Director, Producer, Cinematographer
Lyric is a New York-based filmmaker and photojournalist who documents stories seldom seen in mainstream media. In support of her verité work, Cabral has received artist grants from BBC Storyville, the Tribeca Film Institute, the Sundance Institute, the Independent Television Service, NYSCA, the International Documentary Association, and the W. Eugene Smith Memorial Fund. Cabral recently completed (T)ERROR, her first feature length documentary, co-directed with David Felix Sutcliffe, which premiered at the 2015 Sundance Film Festival, where it won a Special Jury Prize for Break Out First Feature. Cabral, along with co-director Sutcliffe, was honored by the International Documentary Association with the 2015 Emerging Filmmaker Award. (T)ERROR was also a recipient of the 2013 Garrett Scott Documentary Development Grant, awarded by the Full Frame Documentary Film Festival. In 2013, Cabral was named by Filmmaker Magazine as one of the “25 New Faces of Independent Film.” Her photography has been recently published through Aperture Foundation, National Geographic Channel UK, the Nation, and the Village Voice, and is currently on exhibition with "Gordon Parks: The Making of an Argument.”
Christopher St. John - Producer
Christopher St. John (The House I Live In, Reagan, Freakonomics) is a producer and journalist with broad experience in print, broadcast and documentary film. He began his career in production at ABC News, working for Good Morning America before moving to the News Magazine division, where he contributed extensively to 20/20 and Primetime. Prior to producing (T)ERROR, he produced THE HOUSE I LIVE IN (BBC/ITVS, 2012), which won the 2012 Sundance Grand Jury Prize, and received wide theatrical release in the fall of 2012. Christopher also co-produced FREAKONOMICS (Magnolia, 2010) and the Emmy Award winning REAGAN (HBO, 2011). Prior to entering production, he served as a regional correspondent in Southeast Asia for a number of US and international publications.

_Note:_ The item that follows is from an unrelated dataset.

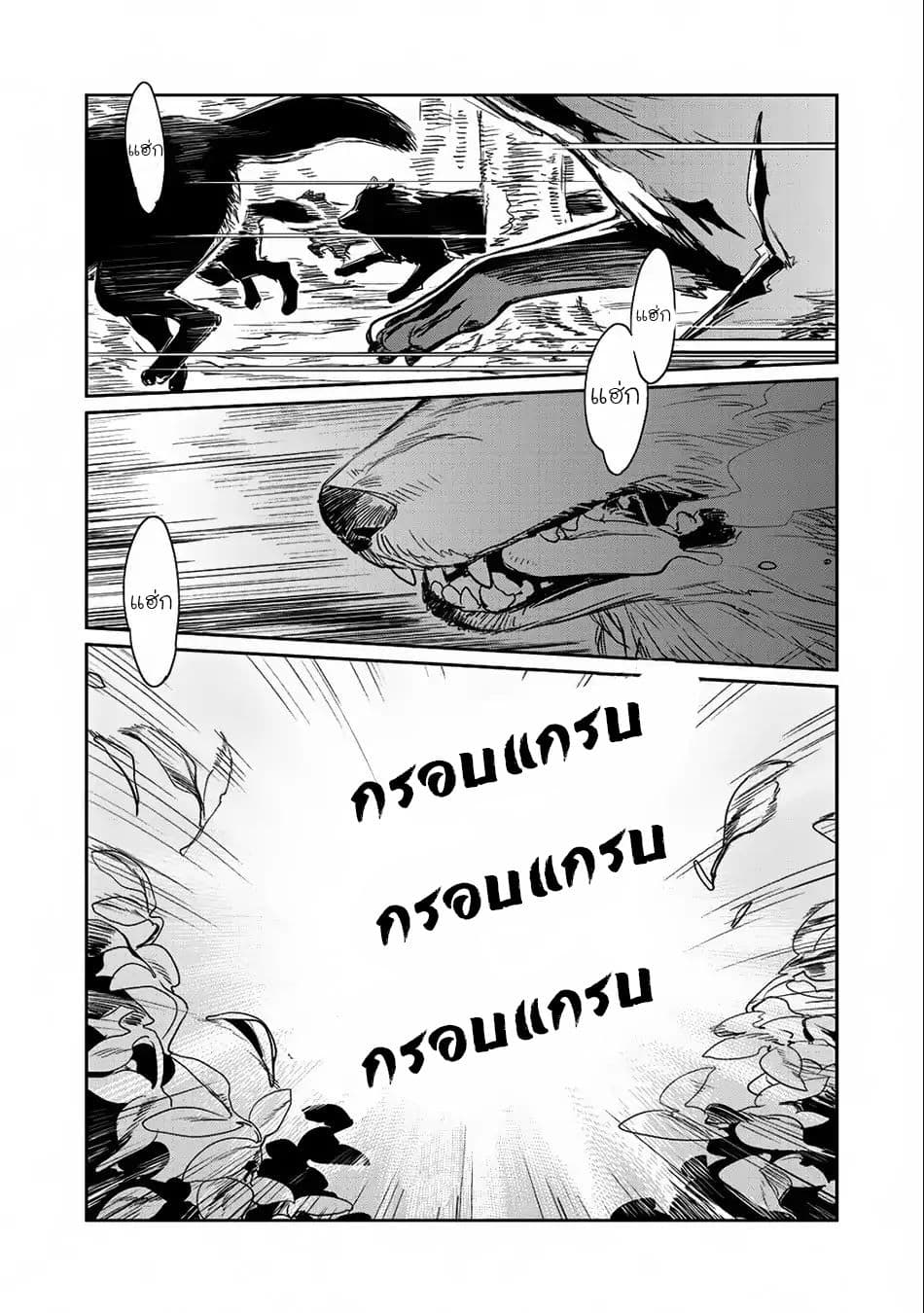 Isekai ni Kita Mitai dakedo Ikanisureba Yoi no Darou 8-8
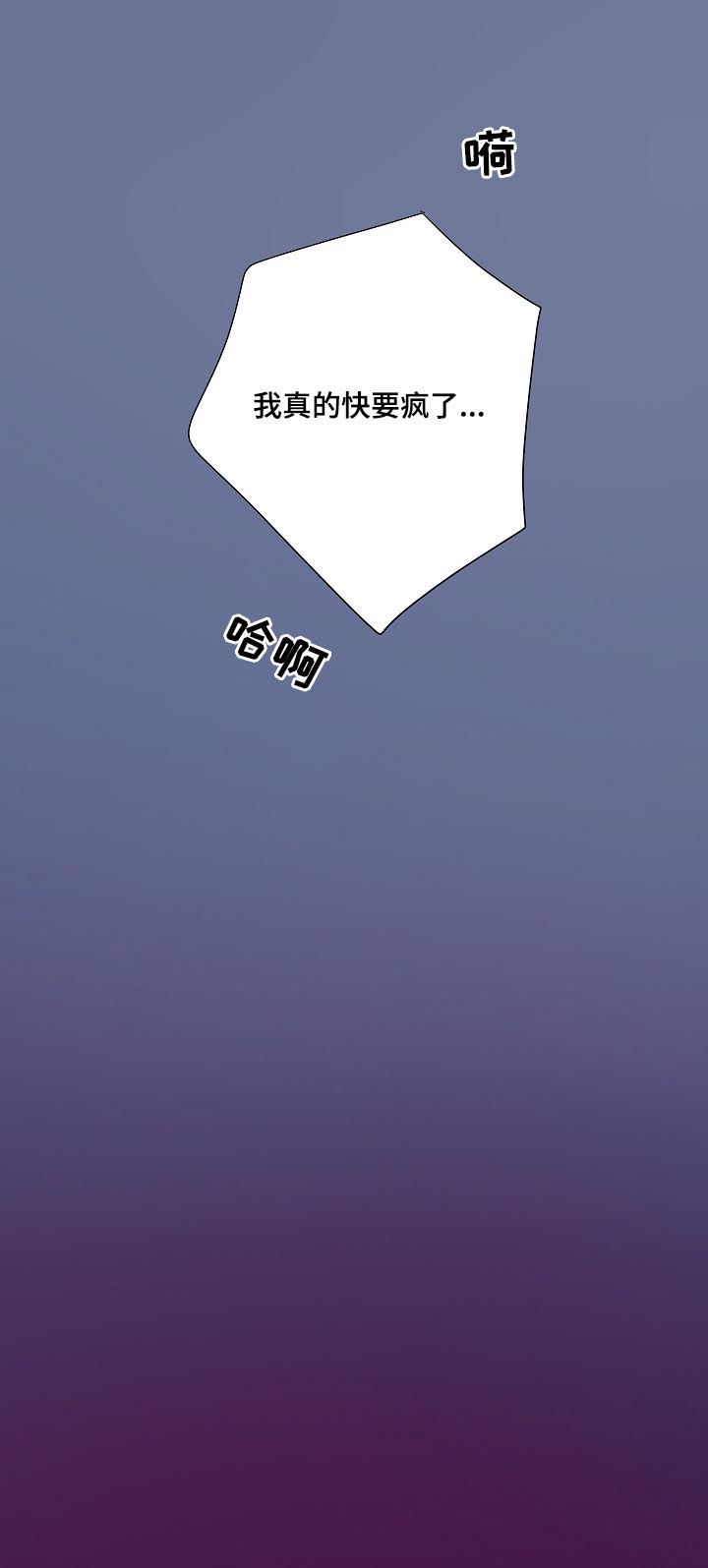 第39话9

Editor Jean-Philippe Boucicaut
Jean-Philippe Boucicaut (Cesar's Last Fast, American Blackout, The Last Conquistador) is an Emmy Award-winning editor with over 30 years experience in film and television. His work has garnered honors worldwide including two Sundance Film Festival Special Jury Awards, three Peabody Awards, three Cine Golden Eagle Awards, a United Press International Award, an Associated Press Award, a Milan Film Festival Merit Award. He has served as a juror at the 2005 Sundance Film Festival and the IFFB, in Boston. He has been a frequent advisor at the Sundance Institute Documentary Edit Lab since 2004. He has also served as a lecturer and creative advisor for the UC Berkeley Graduate School of Journalism’s Documentary Program.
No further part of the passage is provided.